Questions to Answer Before You Go Shopping for a New Website

Questions to Answer Before You Go Shopping for a New Website

So you’ve determined that your website is in need of a redesign. What now? Before you begin interviewing potential companies or candidates to help you with that redesign project, there are some important questions you should answer.

What Are Our Goals for the New Site?

One of the first questions that any professional web designer will ask you is "Why you are redesigning your site?" and "What are your goals?"" for that new site. Before you start having these conversations, you and your company should have a clear understanding of those goals.

A goal for a new website could be to add support for mobile devices. It could be to add new features that the current site is missing, like Ecommerce or the use of a CMS platform so you can better manage that website’s content.

In addition to feature requests, you should also consider the business goals you have for the site. These goals go beyond just new features or other additions and instead focus on tangible results, like an increase in online sales or more customer inquiries via web forms and calls to your company.

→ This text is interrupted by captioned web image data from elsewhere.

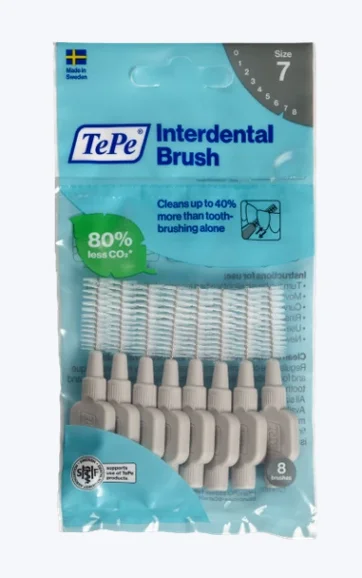 TePe Original Szczoteczki Międzyzębowe z Bioplastiku 1,3 mm Szare – 8 szt.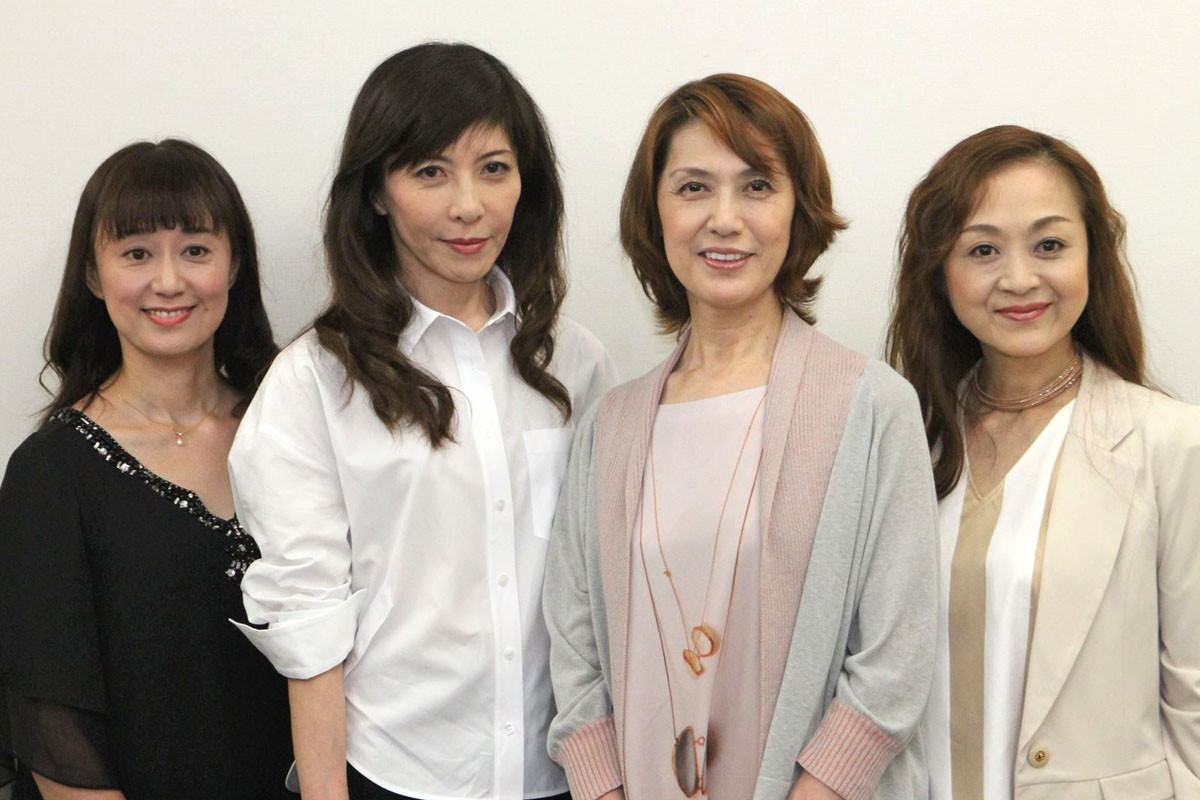 『SUPER GIFT!』取材会に出席した安寿ミラ、森奈みはる、剣幸、こだま愛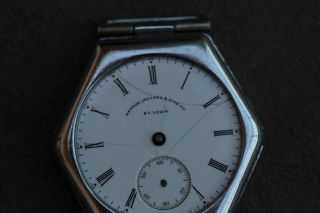 Vintage Wrist Watch Mermod.  Jaccard & King Co St.  Louis Elgin For Repair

Coupled with your desired features, these goals will ultimately help the web professionals you speak with determine a scope of work and a proposal budget for your project.

Who On Our Team Will Be in Charge of this Initiative?

While you may hire a web design team to create your new site, members of your team will need to be involved in that entire process if you hope for it to succeed. To this end, you should determine up front who will be in charge of this initiative at your company as well as who else will be involved in the decision making process.

What Can We Afford to Spend?

Another question that any web professionals you speak with about your project will ask is what your budget is for the project. Saying "we don’t have a budget" or "we are just getting pricing" is not an acceptable answer. You need to determine what you can spend and you need to be up front about that budgetary number.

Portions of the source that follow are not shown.